The main body of the church had walls faced on two sides, built of large, dressed stones with chunks of limestone between the faces. The outer walls are preserved to c. 1.30-1.50 m above the floor, allowing the debatable possibility that they supported a mud-brick superstructure. Indeed, the structural collapse in the northeastern part of the building included some mud melt and bricks.
The presence of a structure combining the features of a bema and a solea in the middle of the nave is most unusual. While a bema is common in churches of northern Syria, particularly in the Limestone Massif, it is for the first time ever that such a structure has been discovered this far south.

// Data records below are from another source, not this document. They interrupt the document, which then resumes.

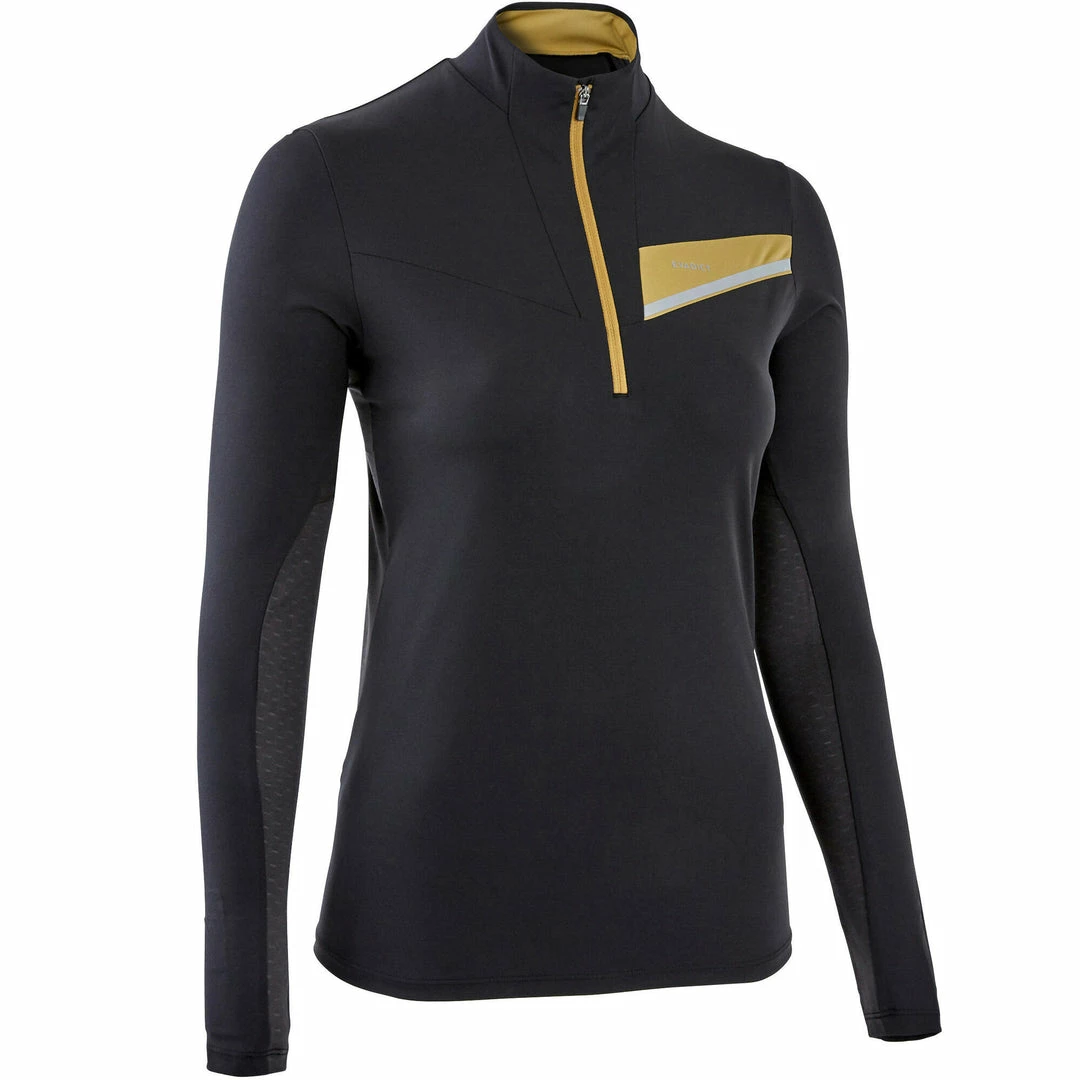 Wholesale 🤩 Evadict Long Sleeve Trail Running Jersey ⭐ 19 Evadict Long Sleeve Trail Running Jersey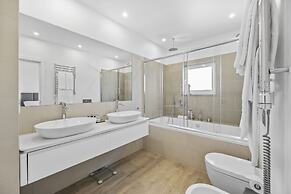 Vale do Lobo Resort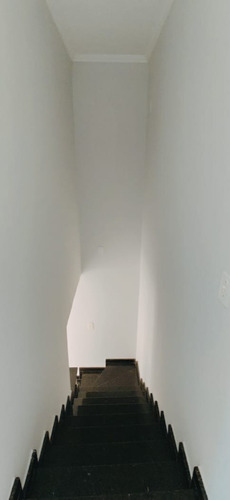 Imagem 18 de 30 de Venda De Casa Modelo Carolina Com 3 Quartos, Em Condomínio No Villa Flora Em Sumaré Sp - Ca01192 - 70632179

Phase III: Grand refurbishment
Subsequently the church underwent a thorough transformation. The intercolumnar spaces were blocked with solid walls and the aisle was divided into a row of regular units. Many blocks, apparently from the apse, were used in the wall fabric. Every room was approachable from the courtyard. The largest one (6.15 x 9 m) had two low piers by the walls, apparently to support an arch.
The wall blocking the intercolumnar spaces was supplemented by a row of solid piers (1.20 x 1.20 m) set at regular intervals; they were designed to support an outer staircase of some 30-32 steps leading up to a second storey rising approximately 7 m high. The presence of the second storey is corroborated by numerous fragments recovered from the fill, indicating the presence of a lime floor set on a thick, ashy mortar bedding.
The piers were positioned next to the intercolumnar wall, as if flanking the entrances. The largest span of c. 3.50 m between the second and third pier was reduced using two column shafts for additional support. It is unclear if the staircase was an arched or a post-lintel structure. The latter seems more probable, as no voussoirs were found in the debris.
The original church flagging was retained in all the units except for the courtyard, where there was a packed dirt surface, occasionally reinforced with assorted stones, roof tiles and reused flagstones.
Two wells were found in the courtyard, both with rectangular shafts of ashlars leading to wide, bell-shaped cavities. The eastern one has retained the original well head. The wells were 6.50 m deep, just as those in nearby houses N1-N2 — evident proof of a constant water table throughout antiquity and the Early Islamic period. A water conduit made of terracotta pipes ran parallel to the walls.
Room 3 apparently served as a kitchen, as evidenced by four partially preserved, small, circular ovens sunk into the floor. A thick deposit of ashes and kitchen waste was found in rooms 3 and 4. At some point, room 3 was blocked with upright flagstones; so was room 4 later on.
The finds recovered from the fill: cooking ware, household utensils, grinders and tannur ovens, attest to the domestic nature of the structure in the northern aisle. It seems likely that the same plan was repeated in the southern aisle. We are dealing here apparently with a large dwelling, featuring a series of regular, but separate units grouped around a central courtyard.
This phase of occupation can be safely dated to the Early Abbasid period (9th-10th century AD) based on the pottery, glass and lamps. Apart from local domestic ceramics, the finds included numerous glazed fine wares: Early Islamic splashed wares, monochrome (yellow) glaze bowls, blue-glazed jugs and a fragment of incised steatite vessel. Of particular interest are fragments of Samarra lustre and relief wares and a sherd of Chinese celadon.
The occupation of the house ended probably with the final abandonment of the urban area enclosed within the city walls. By the end of the 10th century AD all that remained of the settlement was restricted to the temenos of the temple of Bel.